3. 'a' has an integer type of lesser rank than signed int. If 'a' is
an unsigned type, and the entire range of values of that unsigned type
cannot be represented in a signed int, 'a' and 0 are both promoted to
unsigned int.

Again nit-picking (but since you did an exhaustive enumeration...): it was
my understanding that 'a' is first "promoted" to (in this case) unsigned;
there is no need to promote 0; then, in a subsequent step, 0 is _converted_
to unsigned; then the two unsigned values are compared.


Antoine

 

[Dan Pop]

Question for the experts: Does the C standard clarify what it
means by "compare equal to 0" anywhere? Is that 0 the literal 0
of type 'int', or the value you get by converting 0 to the type
of 'a'?

It means exactly what would happen if "(a) == 0" were explicitly written.
If a is subject to the integral promotions, it is promoted. Then, 0 is
converted to the type of a (conversion that is explicitly documented for
all scalar types) and the expression is evaluated.

Note, however, that the expression of relevance here is "(a) != 0" as this
is the actual test performed by "if (a)", but this doesn't change anything
in the above paragraph.

Is there any valid C program that could tell the difference?

Nope: the explicit "!= 0" can always be removed without affecting the
program correctness: if the expression was invalid before, it would be
invalid after and if it was correct before it would be correct after and
with identical semantics. As a matter of fact, even when the explicit
comparison is used, the abstract machine also performs an implicit
comparison, on the result of the != operator ;-)

Note to the newbies following this discussion: unless a is used as a
conceptual boolean (i.e. a flag) it's preferrable NOT to omit the
explicit comparison and to use NULL instead of 0 when testing pointers.

Dan

 

[James Kuyper]

Ok i see and accept, but just for the record, why not call it a cast? It was
implied that it was an implicit action.

Because the word "cast" refers specifically to the (sometype) syntax. If
the conversion is occurring without use of that syntax, it would be
rather odd to call it by a name that refers to the missing syntax. Would
you describe a 5-mile hike along a road as a 5-mile car-ride just
because a car could also be used to travel the same path?

 

[James Kanze]

|> > For the OP's benefit: The correct term for something that "acts
|> > like a cast" without the explicit "(sometype)" is an "implicit
|> > conversion."

|> Ok i see and accept, but just for the record, why not call it a
|> cast? It was implied that it was an implicit action.

A cast is syntax, to specify a desired conversion. What a cast does is
a conversion.

 

[Mark F. Haigh]

Note to the newbies following this discussion: unless a is used as a
conceptual boolean (i.e. a flag) it's preferrable NOT to omit the
explicit comparison and to use NULL instead of 0 when testing pointers.

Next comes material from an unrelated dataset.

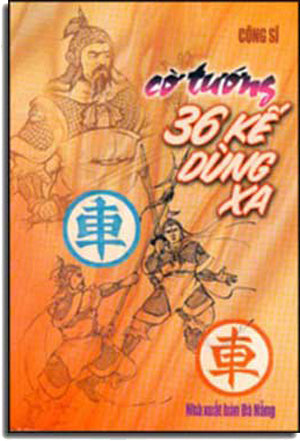 Cờ Tướng 36 Kế Dụng Xa (Cờ Tướng 36 Kế Dụng Xe)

In *your* opinion. My eyes parse if(p) quicker than if(p != NULL).

Quoth the FAQ, question 5.3:

``Abbreviations'' such as if(p), though perfectly legal, are considered
by some to be bad style (and by others to be good style; see question
17.10).

You misrepresent your style opinions as objective fact. Boo!

Mark F. Haigh
(e-mail address removed)

 

[Dan Pop]

In *your* opinion. My eyes parse if(p) quicker than if(p != NULL).

What is not a matter of opinion is that if(p != NULL) is *correctly*
parsed by *any* reader, while if(p) isn't (otherwise there wouldn't be
a FAQ question dedicated to this very issue in the first place).

Therefore, it is a *fact* that if(p != NULL) is more readable than if(p).

Dan

 

[Wojtek Lerch]

What is not a matter of opinion is that if(p != NULL) is *correctly*
parsed by *any* reader, while if(p) isn't (otherwise there wouldn't be
a FAQ question dedicated to this very issue in the first place).

Therefore, it is a *fact* that if(p != NULL) is more readable than if(p).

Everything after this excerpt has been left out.